Newsletter Vol. 3 # 64 – April 01, 2008

Greetings,

Welcome to Volume 3, Issue #64 of Guitar Noise News!

In This Issue:

  • News and Announcements
  • New Articles and Lessons
  • Exploring Music With Darrin Koltow
  • Podcast Postings
  • Random Thoughts

News And Announcements

Hello and welcome to the April 1, 2008 edition of Guitar Noise News!

And we’ve got a lot to chat about today! First off, we’re absolutely thrilled to tell you about our Guitar Noise venture into the world of guitar manufacturing! Yes! Guitar Noise, in a joint venture with Strawgoh, one of England finest schools of luthery, headed by master guitar maker Frederick Weasley, is currently working on the first of what we’re hoping will be a line of incredibly fine guitars. The kind of guitar that people say “plays itself.”
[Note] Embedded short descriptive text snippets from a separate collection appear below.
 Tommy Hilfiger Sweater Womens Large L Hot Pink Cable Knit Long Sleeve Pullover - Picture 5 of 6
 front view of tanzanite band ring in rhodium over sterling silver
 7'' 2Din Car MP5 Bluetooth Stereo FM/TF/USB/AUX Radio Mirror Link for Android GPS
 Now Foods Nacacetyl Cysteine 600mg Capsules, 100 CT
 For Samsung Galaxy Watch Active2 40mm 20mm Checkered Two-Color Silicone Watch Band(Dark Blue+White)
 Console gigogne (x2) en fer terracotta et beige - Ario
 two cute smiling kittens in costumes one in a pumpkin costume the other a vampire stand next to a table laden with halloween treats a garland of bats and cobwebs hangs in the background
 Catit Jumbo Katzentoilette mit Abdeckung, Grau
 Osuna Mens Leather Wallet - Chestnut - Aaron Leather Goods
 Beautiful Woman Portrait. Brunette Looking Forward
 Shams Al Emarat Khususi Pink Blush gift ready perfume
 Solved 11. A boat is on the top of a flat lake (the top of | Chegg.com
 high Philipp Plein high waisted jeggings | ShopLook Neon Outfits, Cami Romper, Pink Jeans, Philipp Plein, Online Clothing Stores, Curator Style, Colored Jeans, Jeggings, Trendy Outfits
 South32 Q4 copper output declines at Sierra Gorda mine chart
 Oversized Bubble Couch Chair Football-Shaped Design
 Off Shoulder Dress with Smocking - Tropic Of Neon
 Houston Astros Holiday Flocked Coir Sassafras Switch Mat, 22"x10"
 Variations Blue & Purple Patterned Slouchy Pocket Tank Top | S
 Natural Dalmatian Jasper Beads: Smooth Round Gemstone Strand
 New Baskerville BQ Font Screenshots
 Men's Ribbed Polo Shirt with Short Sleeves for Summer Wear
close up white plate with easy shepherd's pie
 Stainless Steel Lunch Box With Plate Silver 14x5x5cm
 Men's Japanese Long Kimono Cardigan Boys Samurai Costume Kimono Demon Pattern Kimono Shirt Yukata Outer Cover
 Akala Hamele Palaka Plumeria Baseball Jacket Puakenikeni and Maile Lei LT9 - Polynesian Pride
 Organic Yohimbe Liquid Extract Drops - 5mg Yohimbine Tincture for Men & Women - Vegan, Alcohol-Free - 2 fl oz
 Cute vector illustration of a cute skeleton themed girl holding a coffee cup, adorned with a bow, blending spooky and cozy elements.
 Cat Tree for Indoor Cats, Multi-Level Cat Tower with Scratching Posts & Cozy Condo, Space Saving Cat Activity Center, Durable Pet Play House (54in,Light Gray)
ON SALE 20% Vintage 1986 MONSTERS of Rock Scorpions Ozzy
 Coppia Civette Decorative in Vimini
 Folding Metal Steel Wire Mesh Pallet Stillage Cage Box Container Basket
And that’s not hyperbolae. At the risk of sounding loony, these guitars are magic! It’s like you can just say the name of the song that you want to play and the guitar does all the work for you. You’ll never have to practice again. You don’t even have to pick it up – it’ll play right there in the guitar stand. Even if you’ve never touched a guitar in your life, you can walk into any open mike, sit down, name your song and the guitar will do everything else for you, except sing. You’ll be amazing!

Just think – no more having to remember chords, no more waiting for whole days to remember a three chord progression, no more wasting of weeks to get down a strumming pattern. Think of all the things you’ll be able to do with your life without having to practice! You can spend more time on the computer!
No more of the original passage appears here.